**Supplied material:**
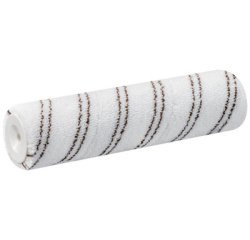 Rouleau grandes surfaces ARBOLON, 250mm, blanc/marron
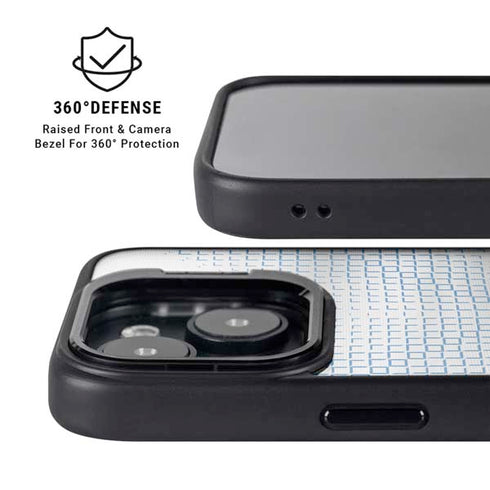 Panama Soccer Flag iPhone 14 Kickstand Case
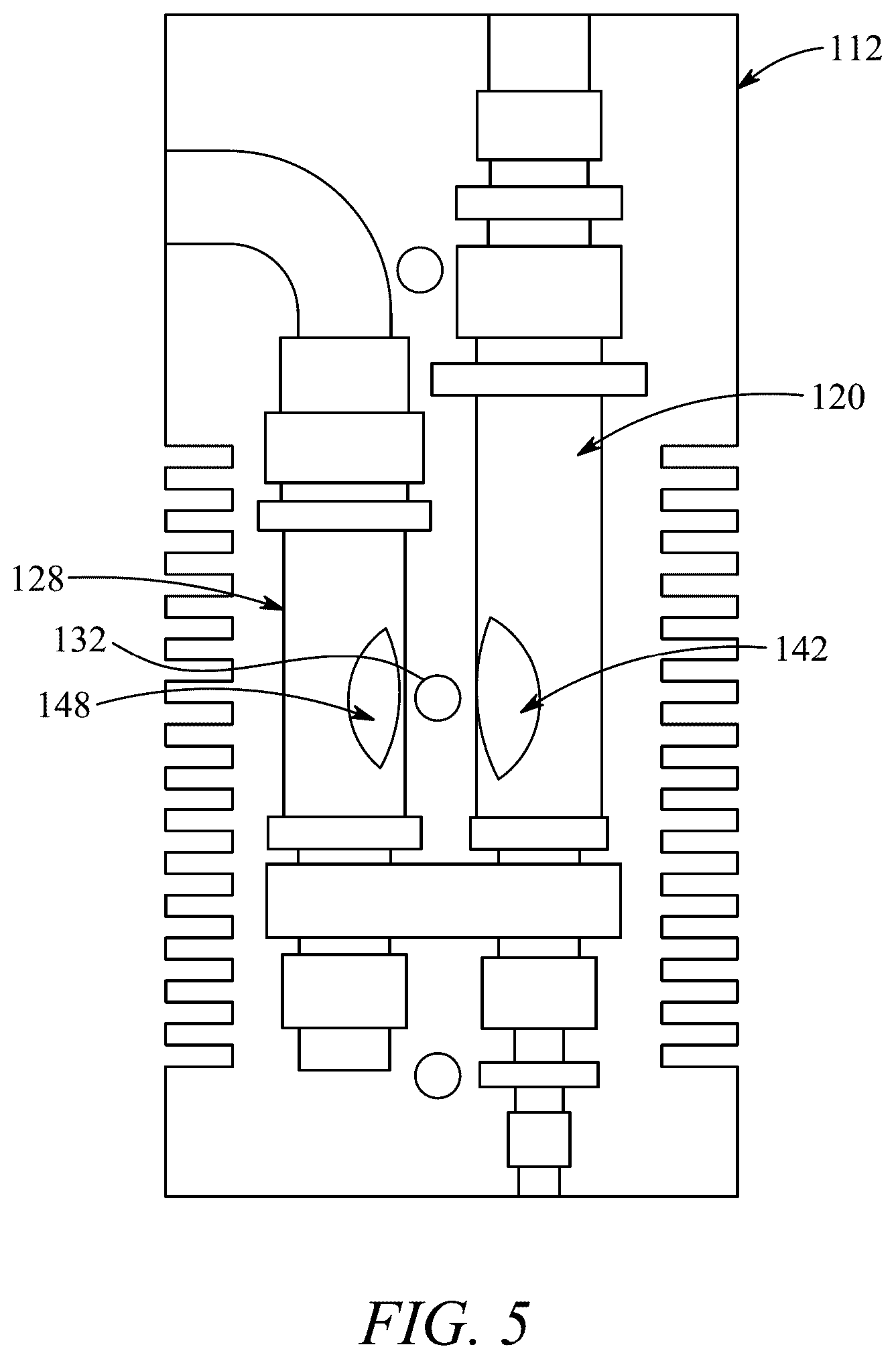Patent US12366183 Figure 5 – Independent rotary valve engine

**What is expected:** Would you return the material exactly, images excluded?

**Completed task:**
 Rouleau grandes surfaces ARBOLON, 250mm, blanc/marron
 Panama Soccer Flag iPhone 14 Kickstand Case
Patent US12366183 Figure 5 – Independent rotary valve engine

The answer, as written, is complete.